Sources within the Japanese government revealed plans on Monday to send the Izumo helicopter carrier, the nation’s largest warship, on a three-month tour of the South China Sea.
This will surely be taken as a provocative display of force by China, which claims almost all of the South China Sea as its territory, despite international court rulings to the contrary.
Reuters reports that the Izumo will make port calls in Singapore, Indonesia, the Philippines, and Sri Lanka, then it will participate in a joint exercise with U.S. and Indian ships in the Indian Ocean. The deployment will last through June, July, and August.
A source within the Japanese government told Reuters that the Izumo would also train with U.S. ships in the South China Sea.
The Izumo is technically designated a “helicopter carrier” or “helicopter destroyer” specializing in anti-submarine warfare, but it is nearly the size of a World War II aircraft carrier, and of course, it boasts far more sophisticated sensors and defenses than its WW2 predecessors.
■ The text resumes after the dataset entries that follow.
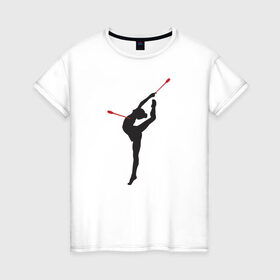 Женская футболка хлопок с принтом Гимнастка с булавами в Санкт-Петербурге, 100% хлопок | прямой крой, круглый вырез горловины, длина до линии бедер, слегка спущенное плечо | булавы | гимнастика | гимнастка | лента | мяч | обруч | художественная гимнастика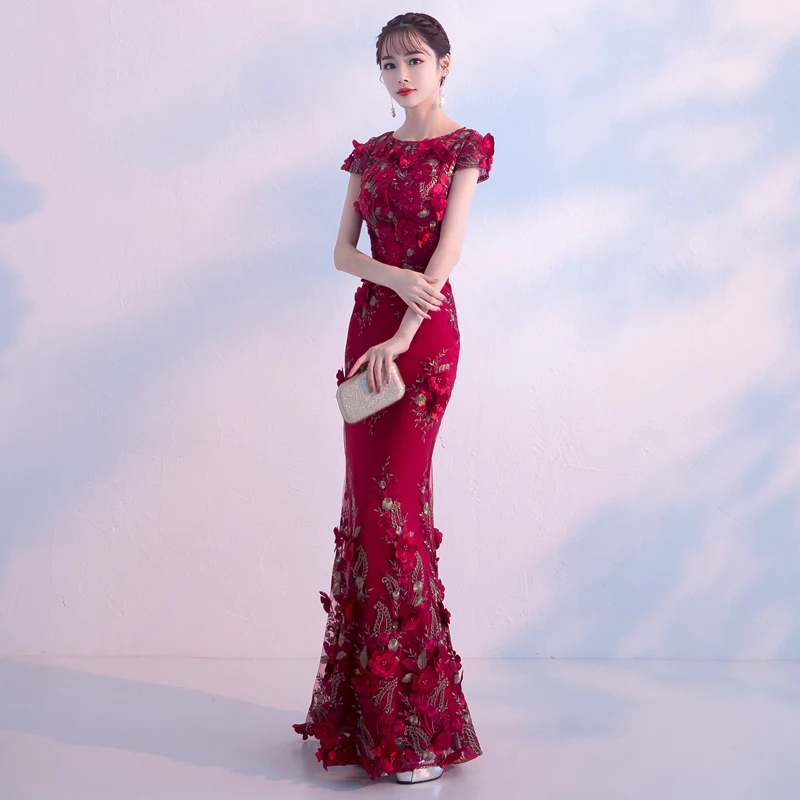 ที่กําหนดเองหรูหราดอกไม้ไวน์แดง Mermaid Evening Dresses 2025 Elegant เจียมเนื้อเจียมตัว O-คอผู้หญิงชุดยาวอย่างเป็นทางการ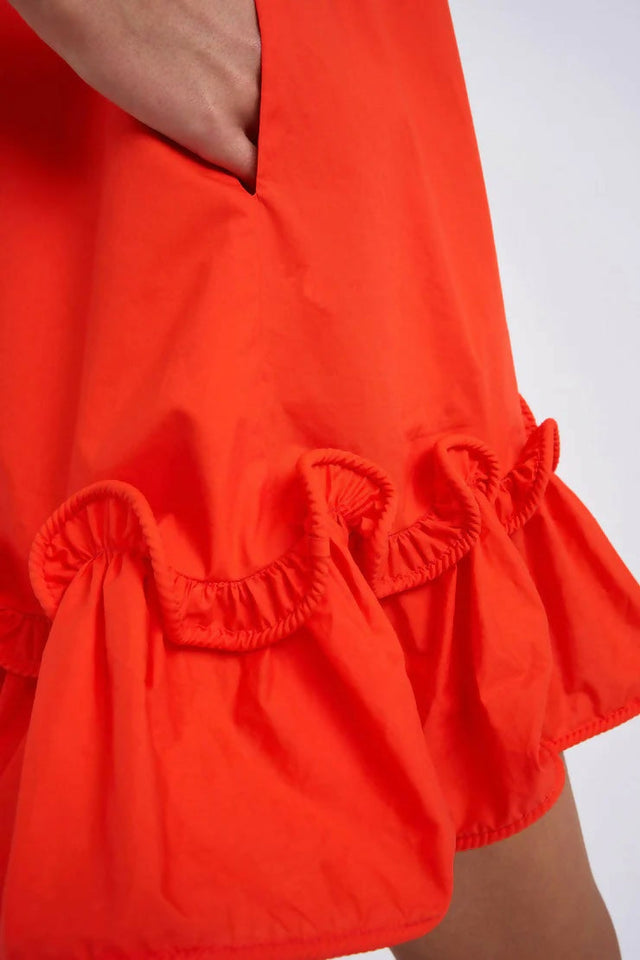 By Johnny Rope Frill Asymmetrical Mini in Hyper Red Size AU 6 - 6 / Red - Dresses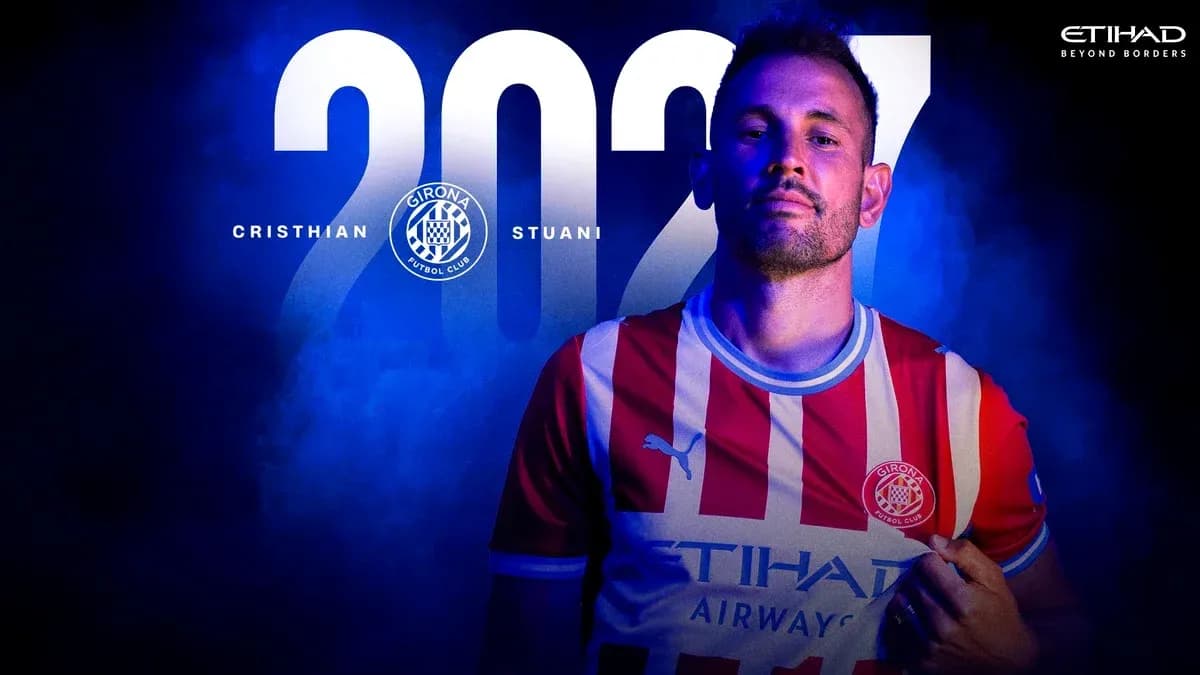 Cristian Stuani in Girona FC jersey with 2027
In fact, it specializes in precisely the sort of amphibious assault missions that would be necessary for a campaign to retake occupied islands from an aggressor nation. NBC News points out the ship is officially classified as a “destroyer” because Japan’s constitution currently forbids the acquisition of offensive weapons, such as assault carriers.
A review of the Izumo published by the Center for International Maritime Security last April argues that it could be modified to launch jet fighters with short take-off and vertical landing (STOVL) capability, such as the new F-35 joint strike fighter to which Japan has access. The F-35 is extremely effective at striking ground targets inside heavily defended airspace, such as the structures China has been building on those contested islands in the South China Sea.
Reuters’ sources described the voyage of the Izumo as Japan’s “biggest show of naval force in the region since World War Two.”
The United States is already patrolling the South China Sea, prompting occasional complaints and provocative behavior from the Chinese. Philippine officials just concluded a tour of the aircraft carrier USS Carl Vinson in the South China Sea where Rear Admiral James Kilby stressed America’s commitment to preserving freedom of navigation throughout the region. Japan has invited Philippine president Rodrigo Duterte to tour the Izumo when it stops at Subic Bay; he replied he would make the visit “if I have time.”